Doesn't work for pages protected by cloudflare in my experience. What a shame, they could've produced the problem and sold the solution.
That's too funny. If true, really looking forward to the Cloudflare response here. I'm unsure how you would spin that in a way that didn't seem self-serving.
Cloudflare crawl respects robots.txt. It does not attempt to bypass any anti-crawling measures. If the site doesn't want to be crawled -- whether it uses Cloudflare or not -- this product will not help you crawl it.
Some sites actually want crawlers -- e.g. sites that are selling a product, documentation, etc.
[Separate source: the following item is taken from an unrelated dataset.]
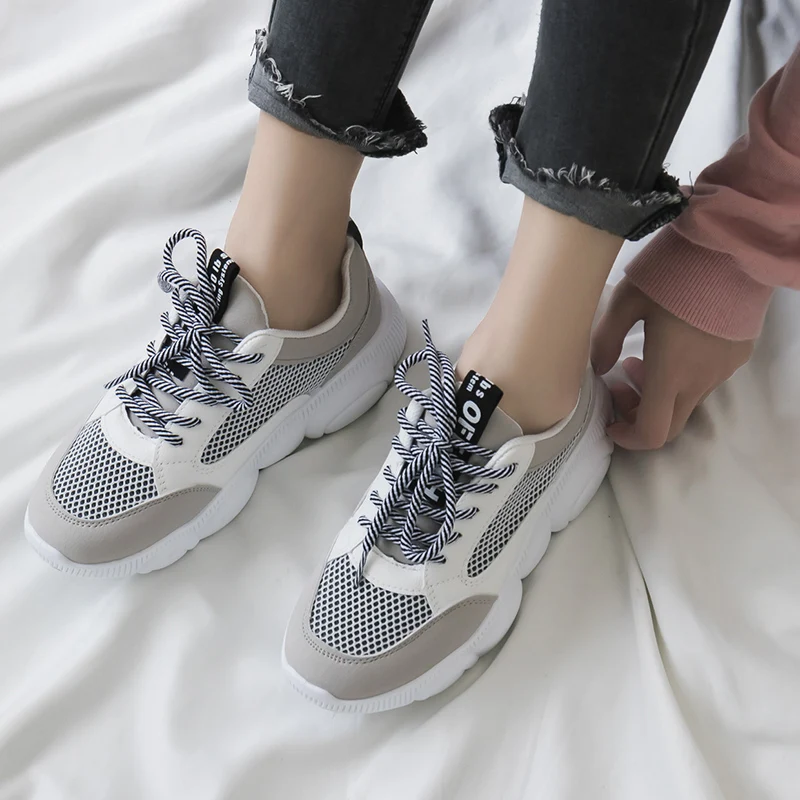 Women sneakers 2019 basket femme tenis feminino platform white shoes sneakers women Lace hollow round head women shoes summer
Women sneakers 2019 basket femme tenis feminino platform white shoes sneakers women Lace hollow round head women shoes summer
That's what this product is meant for.
https://x.com/CloudflareDev/status/2031745285517455615
(Disclosure: I work for Cloudflare but not on this product.)
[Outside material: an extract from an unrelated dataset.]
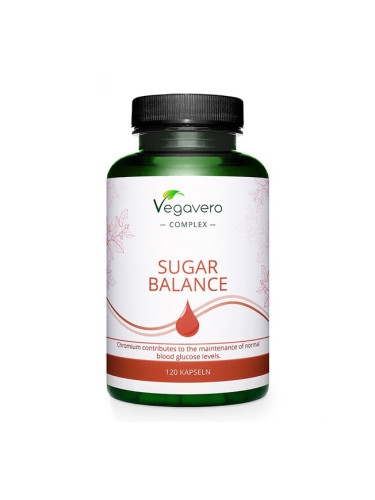 Баланс на кръвната захар - Sugar Balance, 120 капсули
I imagine that would cause a backlash from the website owners trusting cloudflare to keep their content 'safe'
Wait. What?
Is this just a way to strong-arm non-cloudflarians into adopting their platform if you don't want your site crawled? It does sound like they are selling the solution to avoid their own content crawler.
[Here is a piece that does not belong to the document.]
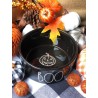 Bowl negro boo calabaza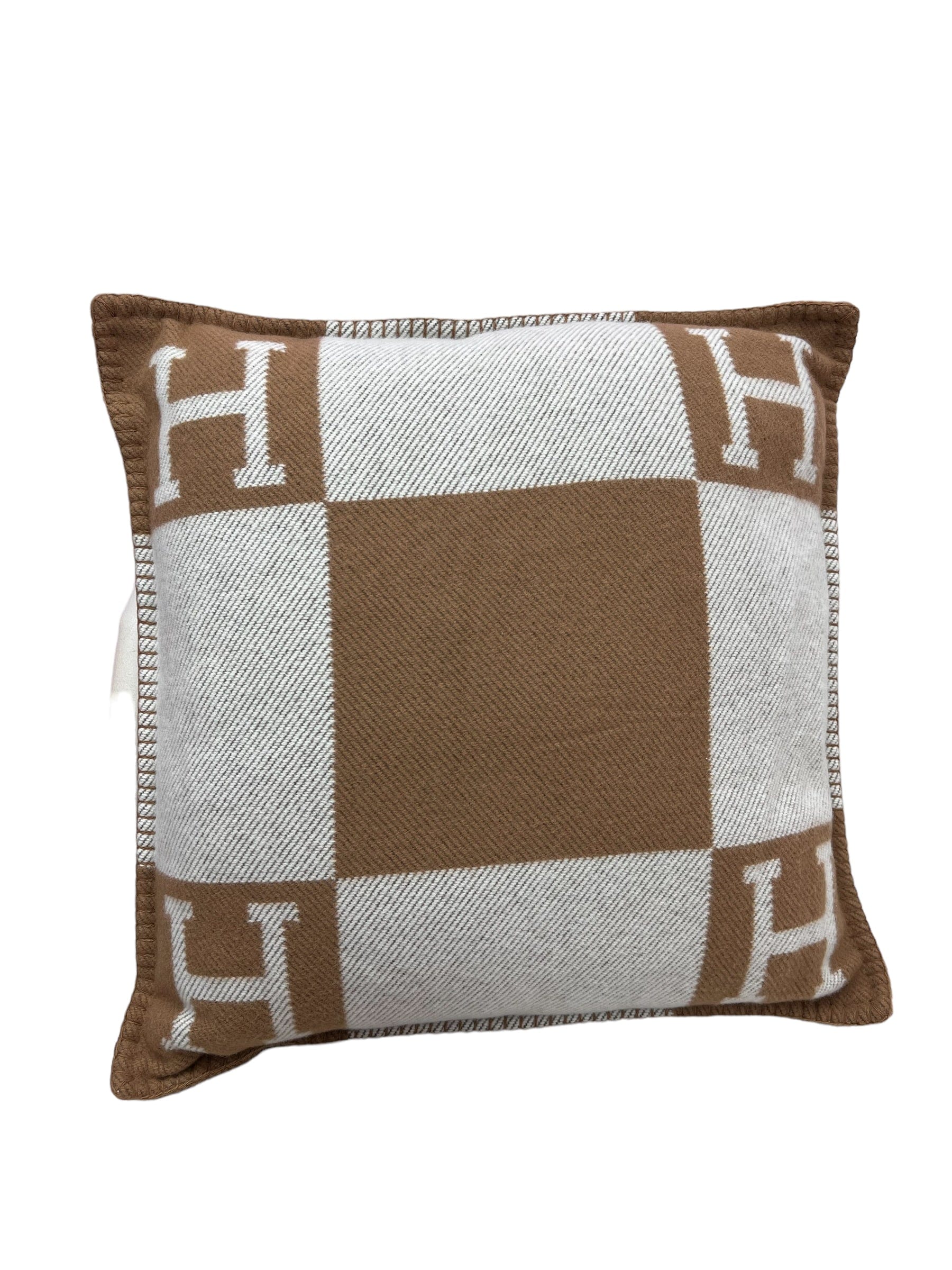 Hermès Camel Avalon Pillow ASL9741 LuxuryPromise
As long at it gets past Azure's bot protection ...
Came here to write this. I am getting much better results from Firecrawl (not affiliated with them, just a happy customer).
Please tells me you are joking
That’s what they are doing. This is a textbook protection racket.
“Buy Cloudflare bot protection, otherwise it would be a shame if your site got scraped and ddos’d.”
Who is doing the scraping and ddosing? Cloudflare.